I loved Top Chef for a number of years.  Watched Seasons 1-8 but finally got tired of it.  It was a really great show, but it became too "cookie cutter" for me.  Not necessarily the challenges, but the stereotypes that they pick and I just got tired of the drama beyond the cooking.


----------



## foodpump (Oct 10, 2005)

I dunno....

Gave up on TV, oh, 20 years ago, so none of this is making sense to me--well, other than chefbuba's comic strip.  On the other hand, it makes me wonder if I'm really missing anything at all, or did "they"  take the T&A out of sitcoms and put them in cooking shows now?


----------



## flipflopgirl (Jun 27, 2012)

I like to watch because you get the nitty gritty personality after awhile.

They become every douche you ever worked with lol.

Fun to point and talk to the screen when you bust a sanitation foul or pretentious behavior.

Like @chefbuba s cartoon.

mimi


----------



## flipflopgirl (Jun 27, 2012)

I thought I was over it as well but there are a couple of contestants that I have my eye on.

Curious to see how they handle the pressure.

mimi


----------



## flipflopgirl (Jun 27, 2012)

Halfway thru I had started pulling for Amar (but had a gut feeling that Jeremy was gonna take the title).

IDK pulling their mentors in to prep may have thrown Amar off (Charlie Palmer was his guy and they parted under not so great circumstances) as I wasn't feeling the love between Charlie and him.

At least he got a smile out of Tom re his Uni and Lobster risotto.

Nailed it.

mimi


----------



## millionsknives (Apr 25, 2014)

I liked the episode where they all failed at wok cooking


----------



## brianshaw (Dec 18, 2010)

Ya, they really struggled with that. I hope next season the throw a tandoor oven into the mix!
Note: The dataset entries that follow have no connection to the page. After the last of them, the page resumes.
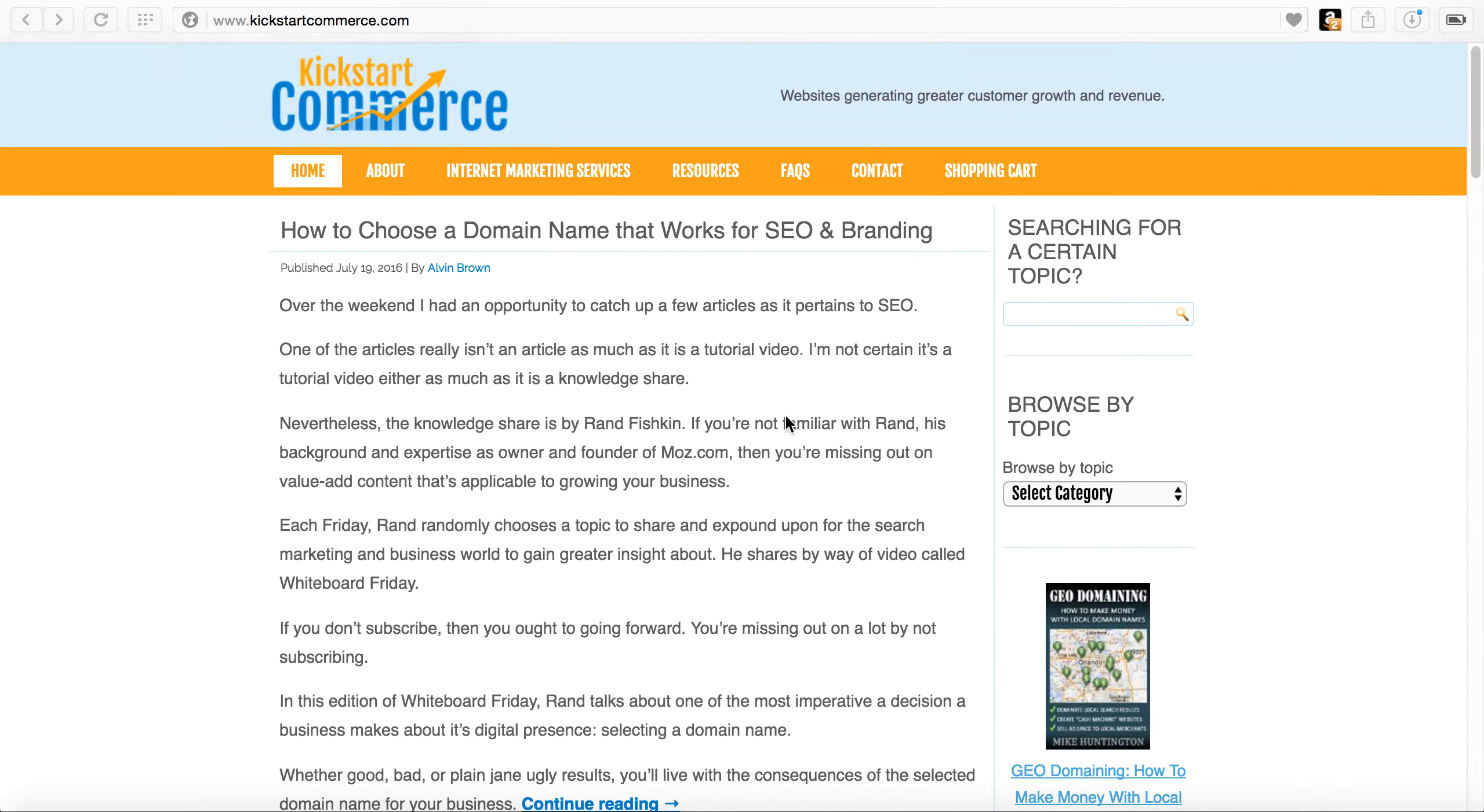Hi, this is Alvin with KickstartCommerce.com and in today's tutorial I'm going to show you how to auto-publish your WordPress content to social networks using a tool called Hootsuite.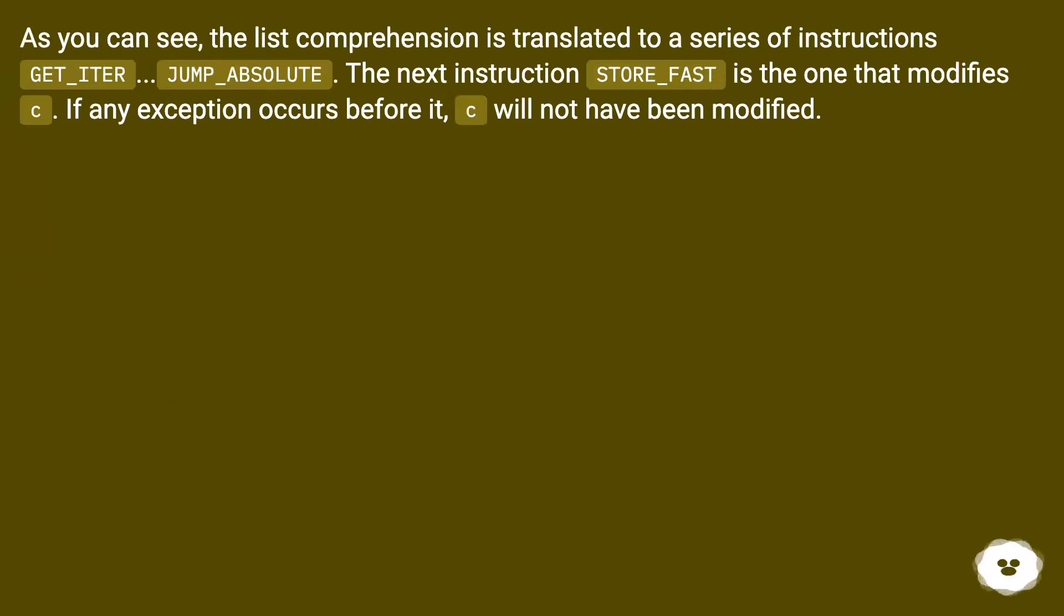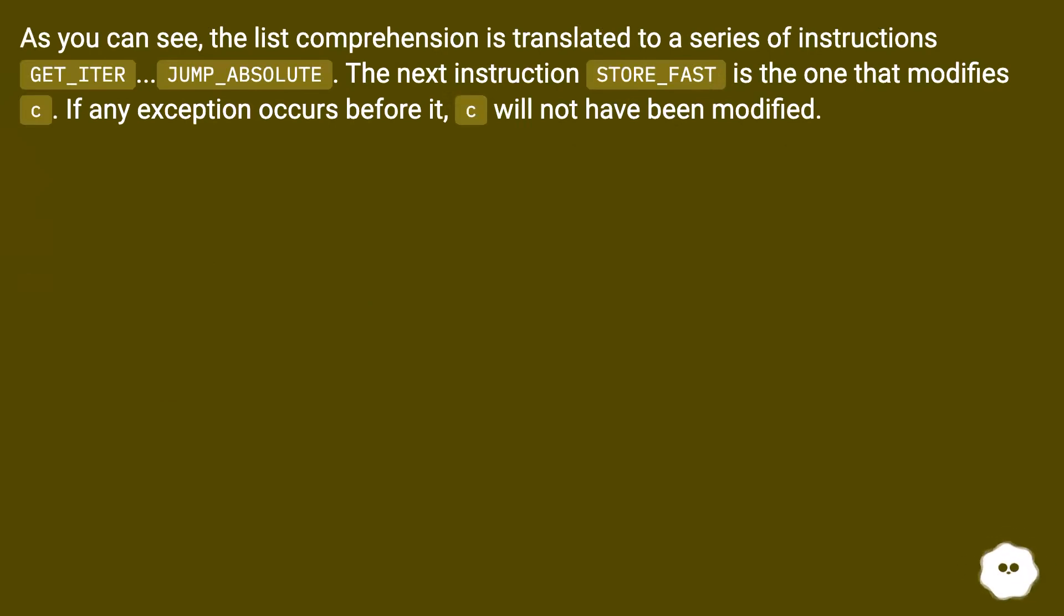As you can see, the list comprehension is translated to a series of instructions: GET_ITER, JUMP_ABSOLUTE. The next instruction, STORE_FAST, is the one that modifies c. If any exception occurs before it, c will not have been modified.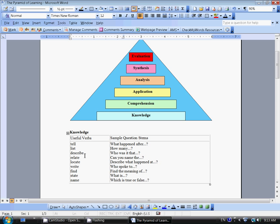The next level is comprehension. Let me scroll down here. In comprehension, it's a little bit harder. Some useful verbs to describe it are to explain or interpret, to outline or to discuss. You can see the sample question stems: What do you think? What is the main idea? Can you distinguish between? These are useful tools for understanding the text.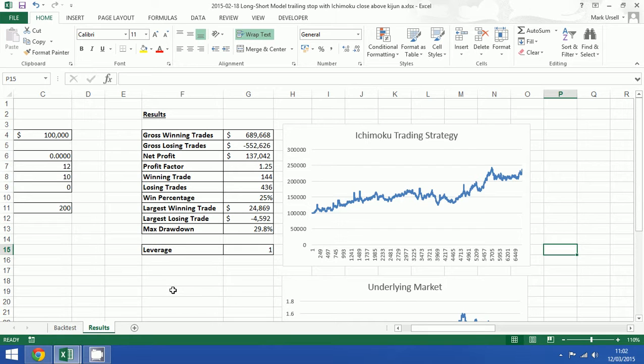So there we have it. That is how quickly and easy it is to change the market or the historical range, and that is how easy it is to do in a TradeInform backtest spreadsheet.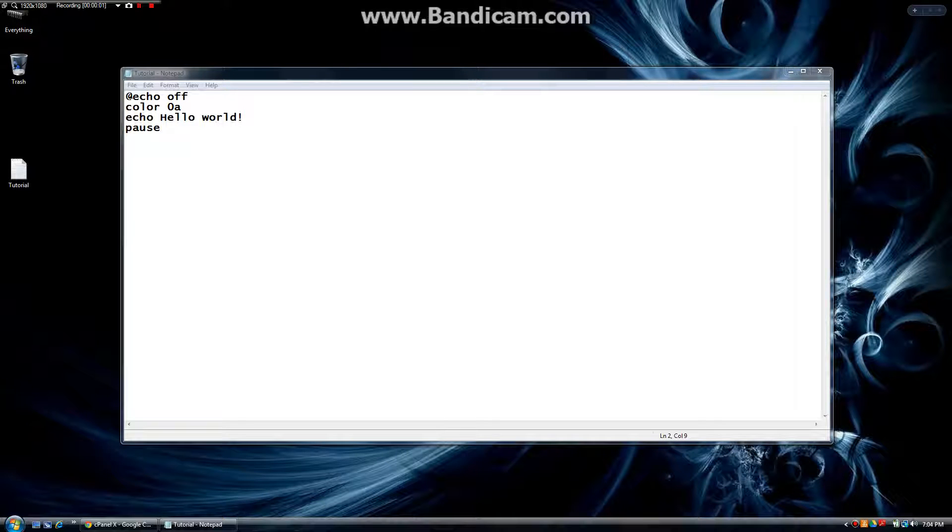Welcome back to Synthetic Programming with another tutorial video. This one is the second in our series on batch files.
Or have them cook in an open hearth.


----------



## millionsknives (Apr 25, 2014)

They did live fire pioneer cooking ( i think old sturbridge village on the boston season) a few years ago. Big fails!


----------



## brianshaw (Dec 18, 2010)

I must have missed that episode. I LOVED the annual pilgrimage to Sturbridge when I grew up in MA.

That's a whole other way of cooking!


----------



## flipflopgirl (Jun 27, 2012)

All in all I enjoyed the season.

Almost 100% top shelf contestants and by the time they got to Vegas the 4 chefs who were left standing had genuine feelings for each other (to do well).

They all had that fire driven competitive spirit to walk off as Top Chef but you could tell they wanted all of their rivals to do well too.

The bar was raised and everyone brought their A game.

Kudos Padma and Tom on a game well played!

mimi


----------



## flipflopgirl (Jun 27, 2012)

MillionsKnives said:


> They did live fire pioneer cooking ( i think old sturbridge village on the boston season) a few years ago. Big fails!


They used solar energy for a quick fire this season.

Naturally Grayson got some sort of solar oven and ruined her dish (I think they did that on purpose to get her into the "time to pack your knives" mindset).

She squeeked by during elimination but was booted the next time around.

mimi


----------